Michael P. Huseby – CFO: Yes, through the Windows 8 app and also there are certain other within the Microsoft arrangement, for example, Windows phone and other devices that are Win 8 devices – were – devices on which Win 8 runs Microsoft and we have agreed to any agreements, other revenue sources.
Matthew Fassler – Goldman Sachs: Second question for William or I guess anyone else just kind of a high level question on the interaction of NOOK business and the College business. Can you talk to us about how the stores if at all are enabling you to kind of achieve kind of franchise situation with universities as it relates to their professors or the class of digital content, obviously, you have the physical presence and how are you actually using that to ensure that you have a prominent digital presence on campus?
William J. Lynch, Jr. – CEO: Well, first of all, digital education – the shift to digital from analog content in higher ed digital education is just starting to happen. So, there should be a recognition that we think we’re three years behind what we saw on the trade side. Having said that, our CAGR suggest we’re going to see digital education content growth over the next five years something approximating 50%. So, the way we’re going to approach that is we made no secret we’re investing, starting to invest in the digital education platform and have been investing and we’re going to use the 620 some odd schools and our relationships with schools and faculty to run pilots as we have been doing for the distribution of digital education materials. We service close to 5 million students in those schools. We have relationships with faculty and administrators and so what we’re doing is and rather quietly trying to hone that platform and you’ll see us make some announcements in the future. So, schools like Columbia, Penn Harvard, Michigan those are all college – Barnes & Noble college bookstores where we have those relationships and so what we’re trying to do is get the product right and make some strategic moves to position us well as that market emerges again behind consumer trade.

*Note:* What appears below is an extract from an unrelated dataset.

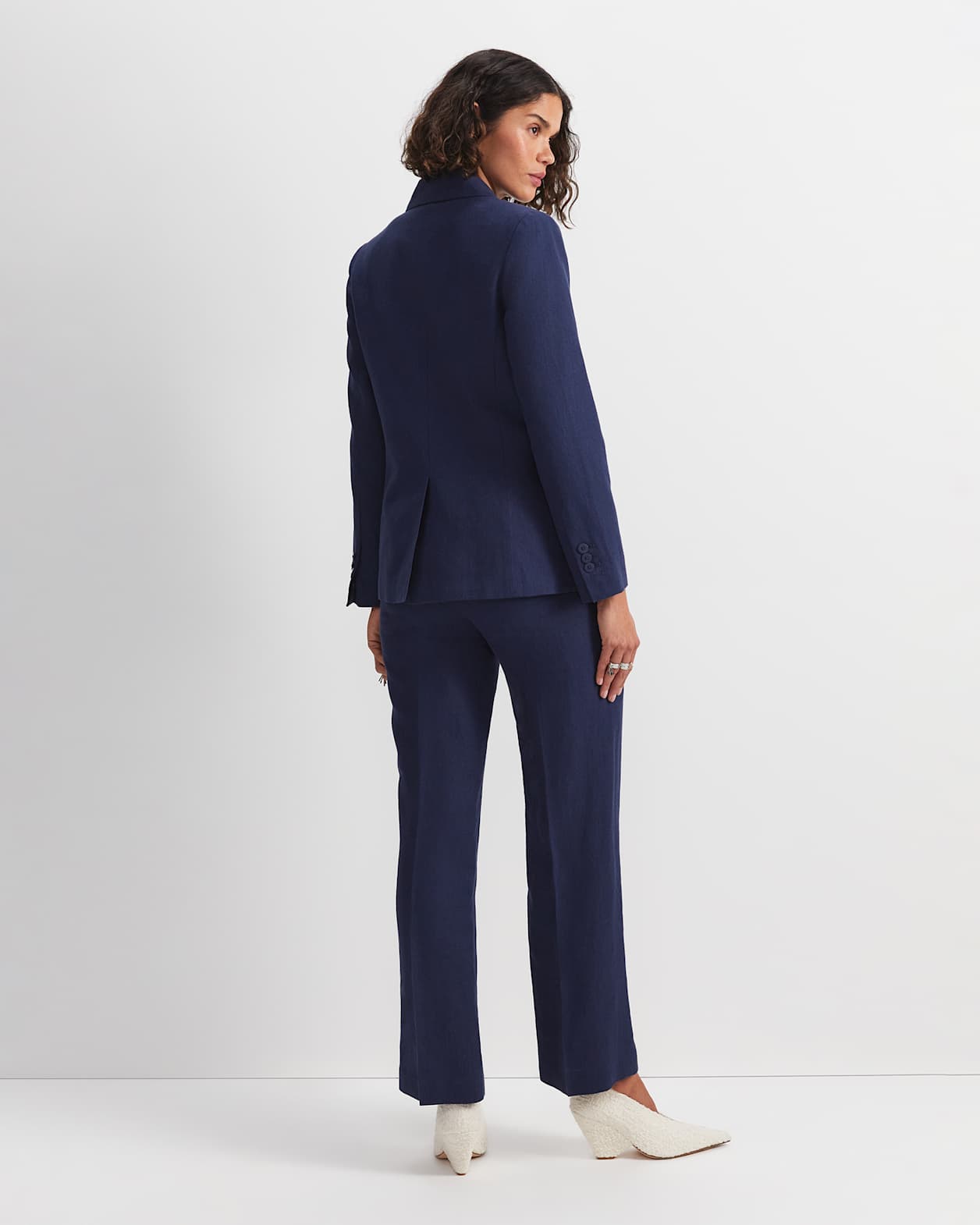 Freya Short Linen Blazer in NAVY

Matthew Fassler – Goldman Sachs: Then one more question before I give the mike to someone else. The growth in digital content seems to be moderating certainly for you, a 30% is very good number, you were 46% last quarter, the numbers for the marketplace are sort of tough to get to, but they also seem to be moderating a bit. What’s your take on the likely trajectory of growth in this market, given that we’re still fairly early in penetration? Is this a number for the market and for Barnes & Noble that you think continues to decelerate. Is there a reason why it would pick back up?

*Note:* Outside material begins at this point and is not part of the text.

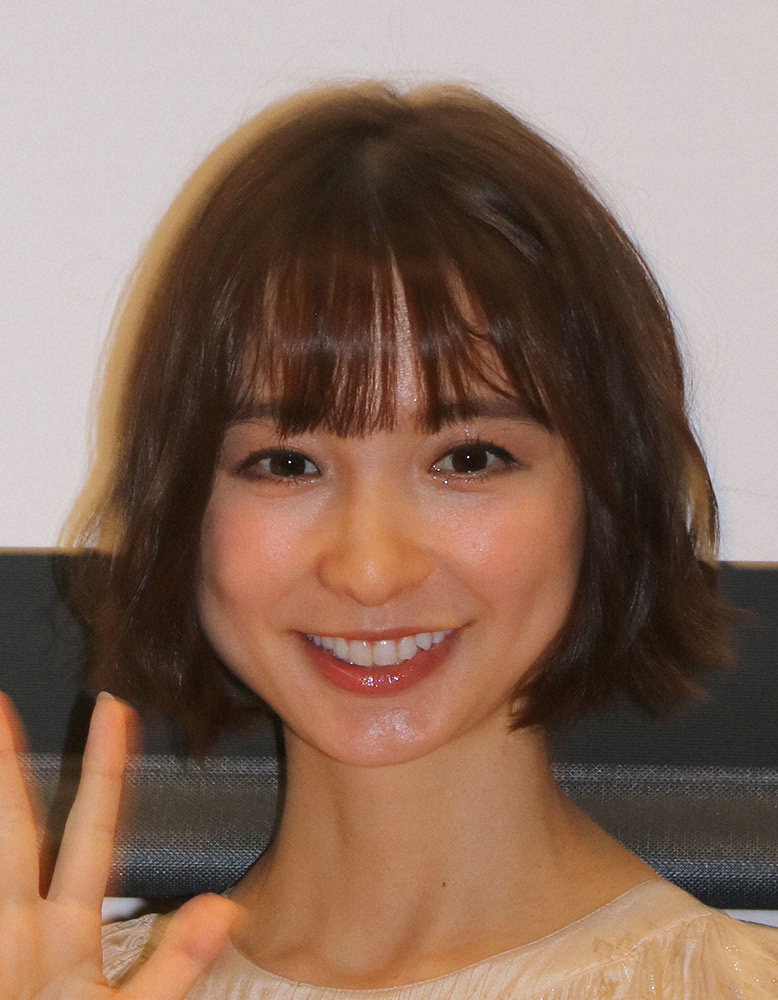 元AKB48の篠田麻里子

William J. Lynch, Jr. – CEO: You are right that growth in eBooks, in particular, moderated in the quarter and that was more broadly – if you talk to the publishers and I spoke – we speak to them all the time. If you look at the Killing Lincoln book versus Killing Kennedy, last year is an example, I had a publisher CEO tell me, it was the first time they had seen where electronic hadn’t gained on physical as a format year-on-year, so – and we think that’s an anomaly, but clearly E is going to continue to grow and be the fastest growing format. But what you see is, October is historically over the last three years the smallest growth month for E and there are reasons for that. What you see is, January is the fastest growth month for E and there is reasons for that. When you sell these digital devices that are connected to digital bookstores and you got innovative products like NOOK HD and HD+ being opened by the millions on December 25. These people light them up, often new users to E, these people light up those screens and suddenly start ordering digital books and those first few months we see are the biggest in terms of attach rate on the new cohort. So, October for anybody, the publishers, us, I’m almost sure for Amazon is likely the slowest growth month in E, January and Q1 is the fastest growth and it’s because you’re just adding a whole lot of screens in digital book stores into the equation. So, hopefully that helps. We feel like we believe we maintained – maybe even slightly grew share. We unlike the last few quarters we don’t have confirmation that we grew share but we certainly believe we maintained our healthy 25% to 30% share this quarter in digital book.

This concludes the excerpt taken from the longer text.